ACTION ITEM: For this exercise, copy exactly the lines below from the one with "Used 2022 Jeep" through the one with "Pangsapuri untuk Dijual" and leave out the pictures.

SOURCE MATERIAL:
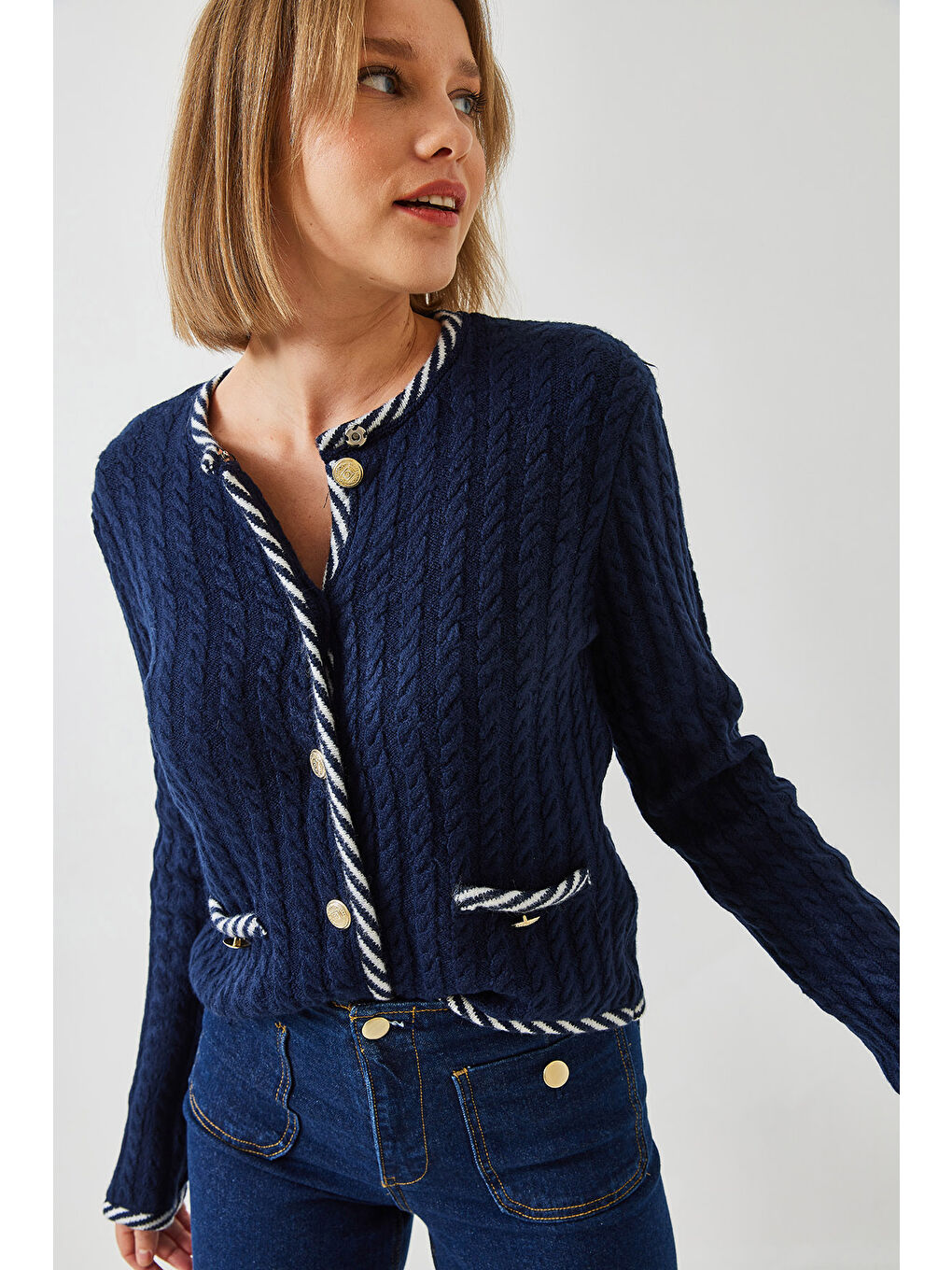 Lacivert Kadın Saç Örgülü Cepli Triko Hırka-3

--

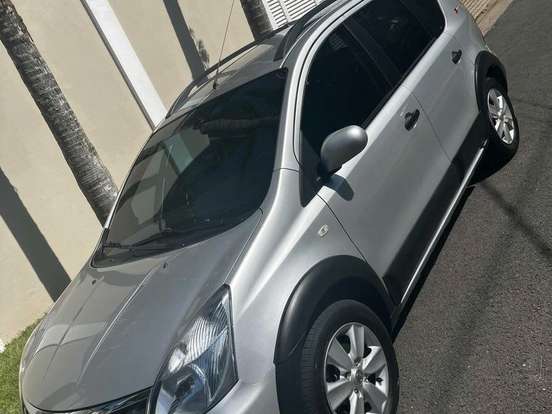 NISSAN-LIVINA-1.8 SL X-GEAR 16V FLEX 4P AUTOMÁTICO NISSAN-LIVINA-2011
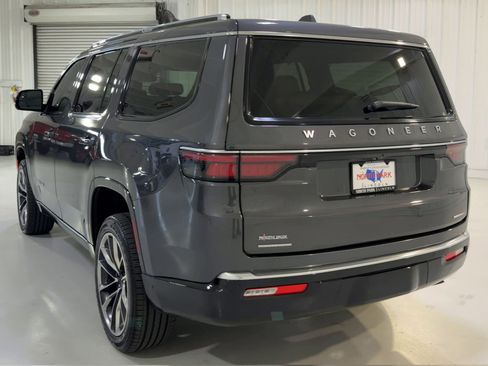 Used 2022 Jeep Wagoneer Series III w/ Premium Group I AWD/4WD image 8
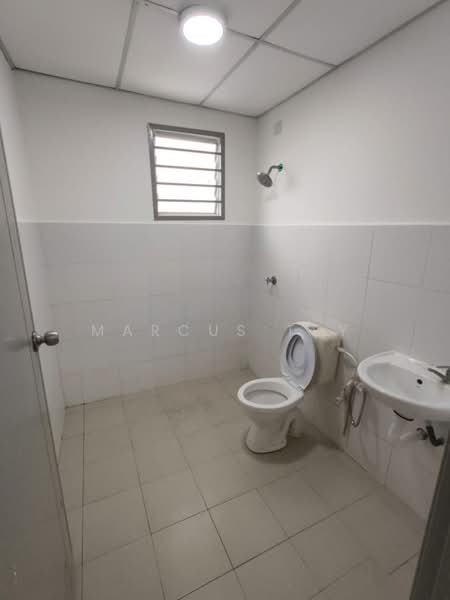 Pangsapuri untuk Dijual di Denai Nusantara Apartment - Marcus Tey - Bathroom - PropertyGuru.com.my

REPLY TO THE EXERCISE:
 Used 2022 Jeep Wagoneer Series III w/ Premium Group I AWD/4WD image 8
 Pangsapuri untuk Dijual di Denai Nusantara Apartment - Marcus Tey - Bathroom - PropertyGuru.com.my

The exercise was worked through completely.